C’est pourquoi la volonté farouche d’exploration de Martin se couple à un besoin irrépressible d’échapper à la matrice. D’autant que, comme il le découvrira lors de la phase parisienne de son périple, ses partenaires désirent systématiquement s’attacher à lui, que ça soit pour le transformer en trophée, en mari ou plus prosaïquement pour en faire leur godemichet exclusif. Toutefois, Martin ne semble aspirer qu’à faire danser sa verge de façon indiscriminée dans le maximum de chattes et de culs possible, sans aucune entrave. Alice Rameliet fait d’ailleurs de son héros un pilote d’avion, ce qui colle parfaitement avec sa quête de liberté absolue.
L'auteur utilise aussi deux personnages opposés pour mettre en exergue cette contradiction fondamentale – mais néanmoins indispensable à la floraison de tout désir sexuel – qui existe entre les exigences immédiates d’un pénis gonflé en quête de soulagement et celles, plus distantes mais tout aussi volcaniques d’une vulve dégoulinante de cyprine.
Car si le phallus furète et gicle par nature, le vagin, lui, souffre d’appétences plus carcérales : il lui faut pour jouir enfermer, compresser et sucer jusqu’à la moelle, jusqu’à ce que les bourses et l’âme même d’un homme s’éventent complètement. On pourrait confondre Martin avec un vampire au vu de sa consommation effrénée d’amantes de tous les âges et de toutes les couleurs, mais Mademoiselle Rameliet nous rappelle avec brio que seul le con et son dieu clitoris possèdent en réalité des facultés équivalentes à celles de Dracula.
La moule seule, osons le dire, sait évider un homme de ses dernières substances.
Lucien, un initiateur déclinant qui tient plus de l’ange noir que de l’être humain n’enseigne d’ailleurs pas autre chose à Martin. Il pousse en effet son jeune protégé à se détacher d’une ou l’autre femme en particulier pour plutôt l’encourager à les faire jouir toutes équitablement. Ce qui implique bien sûr pour le héros de savoir les abandonner régulièrement au bord du chemin, avant que toute vampirisation utérine ne puisse le surprendre.
Martin se retrouve donc à jeter ses partenaires d’un ou plusieurs soirs non parce qu’il les déteste, mais au contraire parce qu’il les aime trop. Un peu comme il délaisse un pays pour pouvoir découvrir le suivant, il lâche ses amants/tes exactement comme sa « campagne qu’il avait quittée » avec tant de regrets. Si la méthode de Lucien permet certes à Martin de se vider allègrement les couilles tout en sillonnant la planète de long en large, elle lui creuse en même temps une profonde crevasse existentielle du cul au cœur.

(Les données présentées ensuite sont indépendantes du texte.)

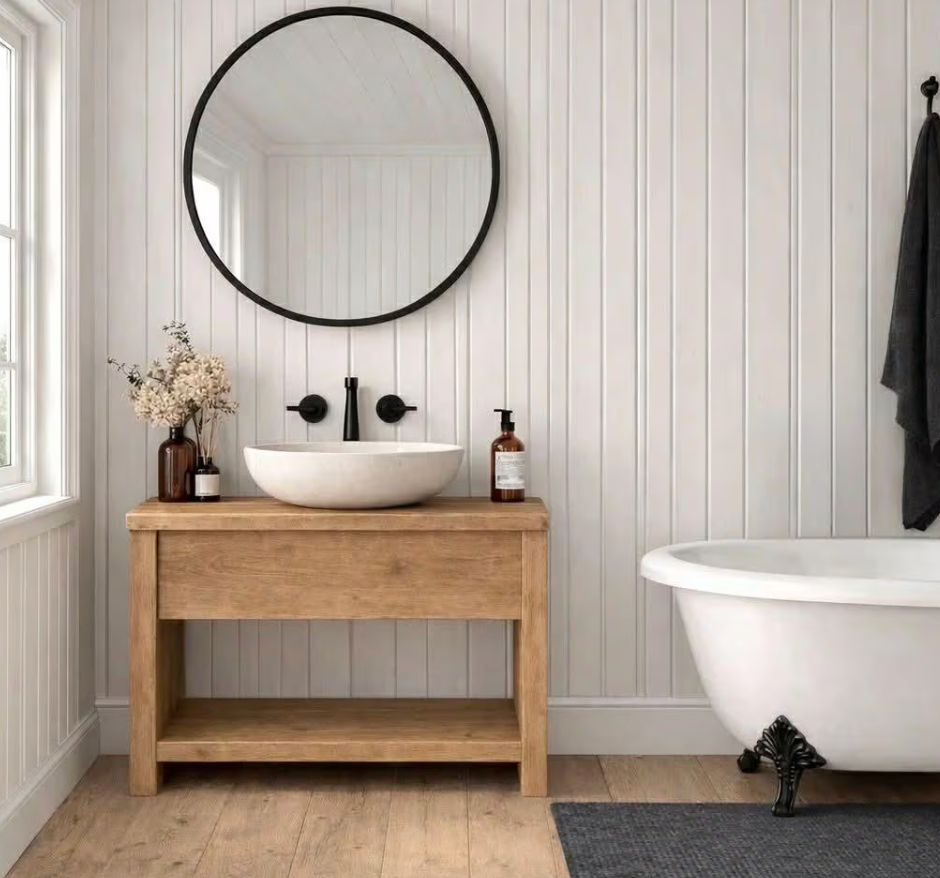 The large Juniper washstand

Alice Rameliet nous donne ainsi à voir les souffrances de son héros bien plus intimement que dans son premier volume. Je retiendrais deux épisodes en particulier. D’abord la relation magnifique et terrible que Martin entretient en début d’ouvrage avec une femme fatale s’amusant à le tancer en alternant les baises les plus débridées et des périodes d’absence totalement injustifiées. Ensuite, l’épisode thaïlandais dans lequel Martin touche sans doute les tréfonds de la débauche à l'occasion d'une orgie sordide sur fond d’esclavagisme, d’occidentaux aussi ventripotents que sadiques, et de drogues avalées à flux-tendu.
On peut d’ailleurs se demander si on couple le personnage angélico-démoniaque de Lucien et ses étranges pouvoirs à celui de la sorcière d’énergie sexuelle Circée que Martin rencontrera sur une île magique, si ces deux créatures clairement surnaturelles ne souhaitent pas élever Martin au rang de divinité priapique. Il faudra sans doute attendre le volet final des tribulations de notre héros de la bite pour en avoir le cœur net.
Quoi qu’il en soit, Alice Rameliet contrebalance très finement cette ligne narrative sexualo-mystique avec le personnage récurrent de Leila. Complètement amoureuse de Martin, cette-dernière cherchera en effet inlassablement à se caser avec lui en le tirant de divers mauvais pas et en lui offrant quelques îlots de stabilité au cours des ses aventures.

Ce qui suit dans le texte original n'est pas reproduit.